Attorney, Agent or Firm: Durando; Antonio R.
Claims
We claim:
1. A corner protector for an electrolytic electrode having first and second
edges which define a corner and are respectively provided with first and
second coverings, said corner protector comprising:
a body provided with a first channel portion for receiving the first
covering and a second channel portion for receiving the second covering,
said body also being provided with a cutout for receiving the electrode.
2. The corner protector of claim 1, wherein said cutout opens to said
channel portions.
3. The corner protector of claim 1, wherein said first channel portion has
a first longitudinal axis and said second channel portion has a second
longitudinal axis which intersects said first longitudinal axis.
4. The corner protector of claim 3, wherein said first longitudinal axis
and said second longitudinal axis intersect one another at an angle of
substantially 90 degrees.
5. The corner protector of claim 3, wherein said cutout has a third
longitudinal axis which is substantially coplanar with said first and
second longitudinal axes.
6. The corner protector of claim 1, wherein said first and second channel
portions open to one another.
7. The corner protector of claim 1, wherein said first channel portion has
a first opening in a first plane and said second channel portion has a
second opening in a second plane which intersects said first plane.
8. The corner protector of claim 7, wherein said first and second planes
are substantially perpendicular to one another.
9. The corner protector of claim 7, wherein said cutout extends from said
first opening to said second opening.
10. The corner protector of claim 1, wherein said body is generally
L-shaped and has a first leg and a second leg, said first channel portion
extending along said first leg and said second channel portion extending
along said second leg.
11. The corner protector of claim 1, wherein said body is of one piece.
12. The corner protector of claim 1, wherein said first channel portion has
a cross-sectional shape essentially identical to that of the first
covering and said second channel portion has a cross-sectional shape
essentially identical to that of the second covering.
13. The corner protector of claim 12, wherein said first channel portion
has a cross-sectional area equal or approximately equal to that of the
first covering and said second channel portion has a cross-sectional area
equal or approximately equal to that of the second covering.
14. The corner protector of claim 1, wherein said cutout defines a plane
and has an external edge which extends longitudinally of said cutout, said
body having an external surface portion which is bounded by said edge, and
a tangent to said external surface portion at said edge defining an angle
greater than 90 degrees with said plane.
15. The corner protector of claim 1, wherein said cutout is slot-like.
16. A method of making an electrolytic electrode assembly comprising the
steps of:
providing an electrode having a first edge, and a second edge which defines
an intersection with said first edge;
placing a first covering having a first end over said first edge so that
said first end is in the region of said intersection;
placing a second covering having a second end over said second edge so that
said second end is in the region of said intersection; and
confining said first end, said second end and said intersection in an
additional covering.
17. The method of claim 16, wherein the confining step comprises gripping
said electrode with said additional covering.
18. The method of claim 16, wherein the confining step comprises gripping
said first and second ends with said additional covering.
19. The method of claim 16, wherein the placing steps comprise abutting one
of said ends against the other of said ends.
20. The method of claim 16, further comprising the step of adhesively
connecting said additional covering to said first end, said second end and
said electrode.
Description
BACKGROUND OF THE INVENTION
1. Field of the Invention
The invention relates to an electrode assembly for use in electrolytic
processes.
2. Description of the Prior Art
Electrowinning is an electrolytic process in which metallic ions, e.g.,
copper ions, are recovered from an electrolyte using anodes and cathodes
in the form of generally rectangular plates.

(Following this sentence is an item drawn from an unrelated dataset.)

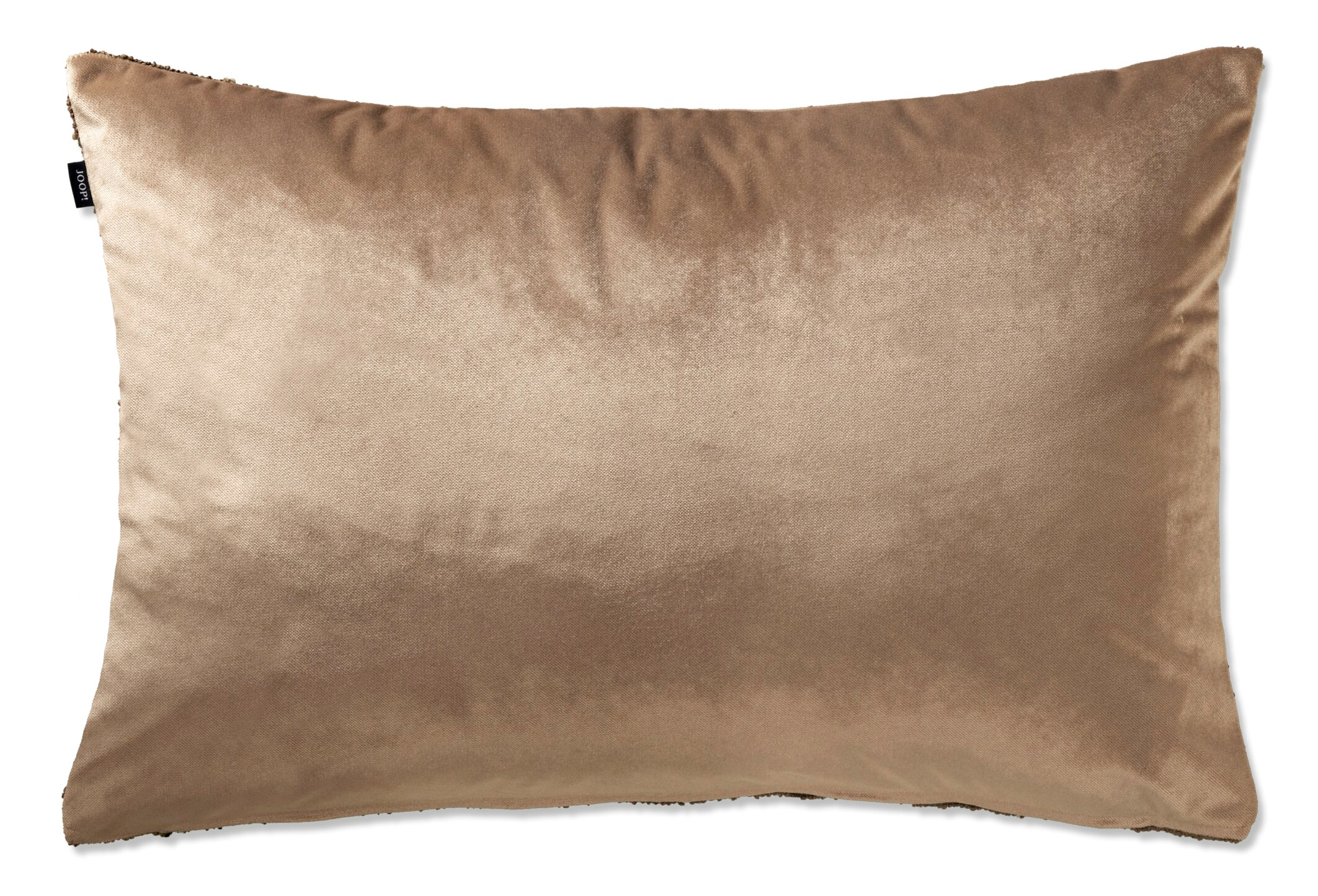 JOOP! Kissenhülle Touch | 025 sand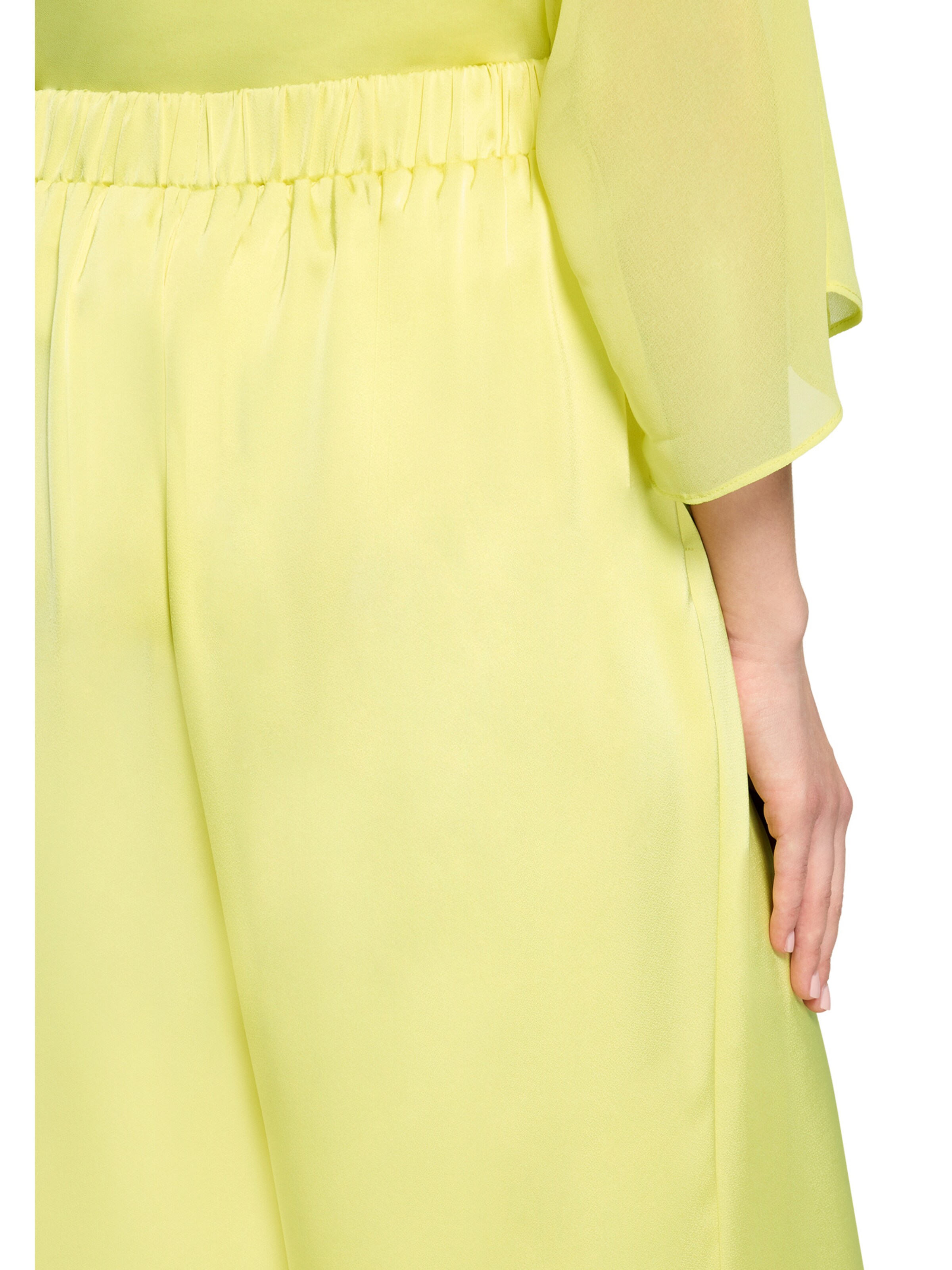 Betty Barclay Regular Pants in Green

A large number of anodes and
a large number of cathodes are suspended in the electrolyte vertically
with the anodes and the cathodes alternating. The cathodes are generally
made of titanium, copper alloys or stainless steel, and the metallic ions
deposit on the cathodes and coat them with sheets of pure metal. When the
deposited sheets reach a certain thickness, the cathodes are removed from
the electrolyte and the sheets stripped from the cathodes.
If deposition is allowed to occur at the edges of a cathode, metallic
bridges are formed between the deposited sheets on either side of the
cathode. These metallic bridges, which wrap around the edges of the
cathode, make it difficult to strip the deposited sheets without damaging
the sheets and/or the cathode.
To alleviate this problem, nonconductive strips known as edge strips or
protector strips are placed over the submerged bottom and side edges of
the cathode. The edge strips are normally bonded to the cathode with glue
or adhesive tape. In addition to inhibiting the formation of metallic
bridges, the edge strips function to prevent direct contact between the
cathode and the adjacent anodes.
At the lower corners of a cathode, the edge strips at the sides of the
cathode define junctions with the edge strip at the bottom of the cathode.
Glue is applied to these junctions to prevent penetration of the
electrolyte into, and an accompanying deposition of metal around, the
junctions. However, over time, the glue develops cracks which permit
leakage of the electrolyte into the junctions. Eventually, the edge strips
must be removed to allow cleaning of the cathode. The process of removing
the edge strips, cleaning the cathode and replacing the edge strips is a
time-consuming one which also keeps the cathode out of service.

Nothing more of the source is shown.